A first application is the characterization of finite morphisms as proper morphisms with finite fibres.
Lemma 37.44.1. Let $f : X \to S$ be a morphism of schemes. The following are equivalent:
$f$ is finite,
$f$ is proper with finite fibres,
$f$ is proper and locally quasi-finite,
$f$ is universally closed, separated, locally of finite type and has finite fibres.
Proof. We have (1) implies (2) by Morphisms, Lemmas 29.44.11, 29.20.10, and 29.44.10. We have (2) implies (3) by Morphisms, Lemma 29.20.7. We have (3) implies (4) by the definition of proper morphisms and Morphisms, Lemmas 29.20.9 and 29.20.10.
Assume (4). Pick $s \in S$. By Morphisms, Lemma 29.20.7 we see that all the finitely many points of $X_ s$ are isolated in $X_ s$. Choose an elementary étale neighbourhood $(U, u) \to (S, s)$ and decomposition $X_ U = V \amalg W$ as in Lemma 37.41.6. Note that $W_ u = \emptyset $ because all points of $X_ s$ are isolated. Since $f$ is universally closed we see that the image of $W$ in $U$ is a closed set not containing $u$. After shrinking $U$ we may assume that $W = \emptyset $. In other words we see that $X_ U = V$ is finite over $U$. Since $s \in S$ was arbitrary this means there exists a family $\{ U_ i \to S\} $ of étale morphisms whose images cover $S$ such that the base changes $X_{U_ i} \to U_ i$ are finite.
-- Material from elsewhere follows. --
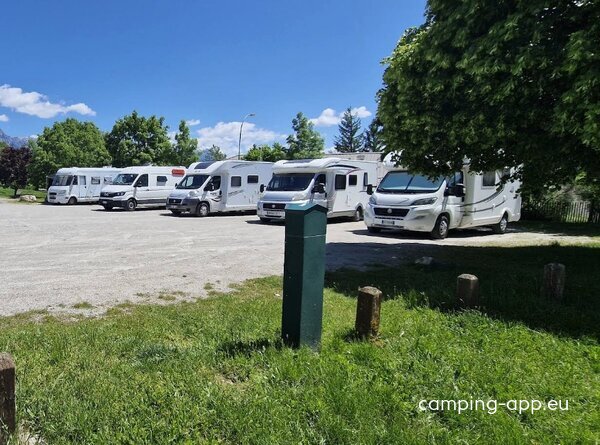 Stellplatz Chorges — Photo 2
Note that $\{ U_ i \to S\} $ is an étale covering, see Topologies, Definition 34.4.1. Hence it is an fpqc covering, see Topologies, Lemma 34.9.7. Hence we conclude $f$ is finite by Descent, Lemma 35.23.23. $\square$
As a consequence we have the following useful results.
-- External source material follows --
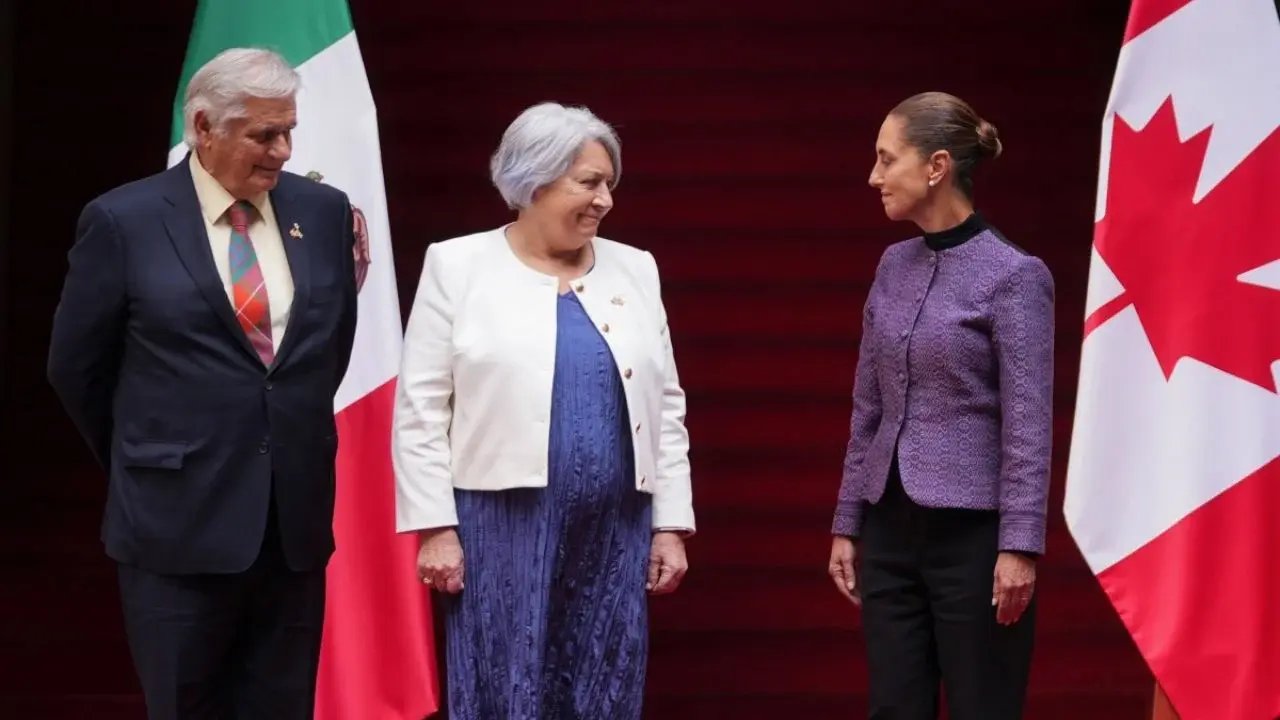 Claudia Sheinbaum recibe a Mary Simon, gobernadora general de Canadá, en CDMX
Lemma 37.44.2. Let $f : X \to S$ be a morphism of schemes. Let $s \in S$. Assume that $f$ is proper and $f^{-1}(\{ s\} )$ is a finite set. Then there exists an open neighbourhood $V \subset S$ of $s$ such that $f|_{f^{-1}(V)} : f^{-1}(V) \to V$ is finite.
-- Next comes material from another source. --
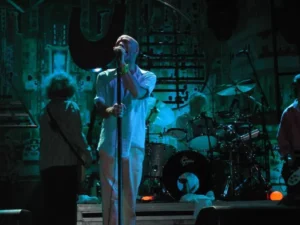 Michael Stipe, chanteur de R.E.M., interprétant un titre sur scène à Padoue en 2003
Proof. The morphism $f$ is quasi-finite at all the points of $f^{-1}(\{ s\} )$ by Morphisms, Lemma 29.20.7. By Morphisms, Lemma 29.56.2 the set of points at which $f$ is quasi-finite is an open $U \subset X$. Let $Z = X \setminus U$. Then $s \not\in f(Z)$. Since $f$ is proper the set $f(Z) \subset S$ is closed. Choose any open neighbourhood $V \subset S$ of $s$ with $f(Z) \cap V = \emptyset $. Then $f^{-1}(V) \to V$ is locally quasi-finite and proper. Hence it is quasi-finite (Morphisms, Lemma 29.20.9), hence has finite fibres (Morphisms, Lemma 29.20.10), hence is finite by Lemma 37.44.1. $\square$
Lemma 37.44.3. Consider a commutative diagram of schemes Let $s \in S$. Assume
$X \to S$ is a proper morphism,
$Y \to S$ is separated and locally of finite type, and
the image of $X_ s \to Y_ s$ is finite.
\[ \xymatrix{ X \ar[rr]_ h \ar[rd]_ f & & Y \ar[ld]^ g \\ & S } \]
Then there is an open subspace $U \subset S$ containing $s$ such that $X_ U \to Y_ U$ factors through a closed subscheme $Z \subset Y_ U$ finite over $U$.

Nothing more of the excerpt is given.